● EXERCISE GOAL: Exactly retype the lines below from the one containing "Here we can" through the end of the listing. Leave pictures out.

Start of Block

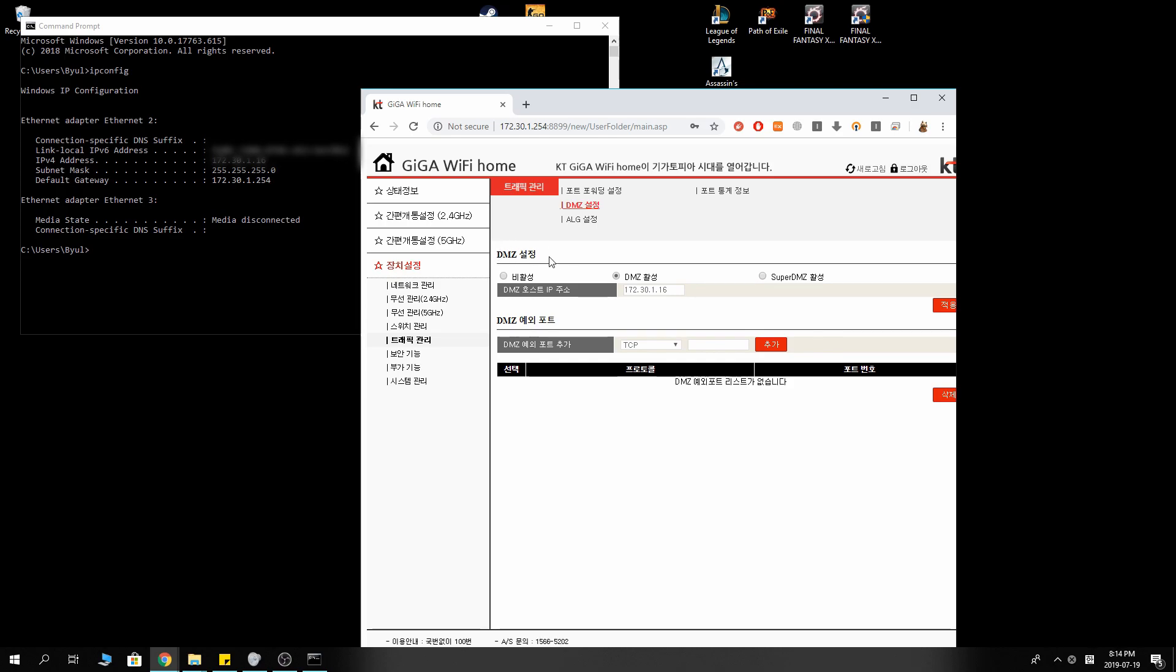If you can't find it, don't worry. It should be there somewhere. It's just hidden there. Just look for your DMZ settings.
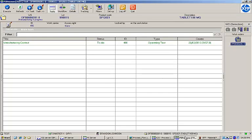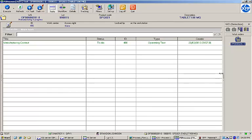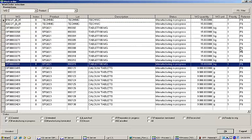Here we can see the EBR execution screen. This is where operators are able to navigate and interact with EBRs during the production process. The Work Order Selection menu on the right-hand side allows the operator to search for and select from any work order that has been launched in the applicable work center.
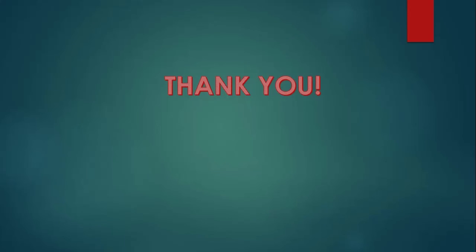This was all about group by, order by and having. Thank you so much for watching this video. I hope this was helpful.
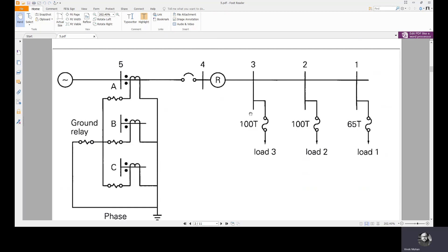The minimum trip rating of the ground unit is typically set at maximum load and should be higher than the maximum allowable load unbalance. Whenever there is an unbalance, the ground relay comes into picture. The maximum load unbalance in steady state must be known, and only beyond that level should the ground relay send a trip signal to the circuit breaker.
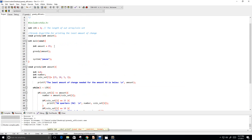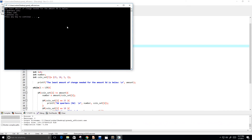Let's change the amount to 99 cents to verify. The least amount of change would be three quarters, two dimes (that's 95 cents), and four pennies — so that's 99 cents. It works perfectly!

End of Block

● WRITTEN SOLUTION:
Here we can see the EBR execution screen. This is where operators are able to navigate and interact with EBRs during the production process. The Work Order Selection menu on the right-hand side allows the operator to search for and select from any work order that has been launched in the applicable work center.
This was all about group by, order by and having. Thank you so much for watching this video. I hope this was helpful.
The minimum trip rating of the ground unit is typically set at maximum load and should be higher than the maximum allowable load unbalance. Whenever there is an unbalance, the ground relay comes into picture. The maximum load unbalance in steady state must be known, and only beyond that level should the ground relay send a trip signal to the circuit breaker.
Let's change the amount to 99 cents to verify. The least amount of change would be three quarters, two dimes (that's 95 cents), and four pennies — so that's 99 cents. It works perfectly!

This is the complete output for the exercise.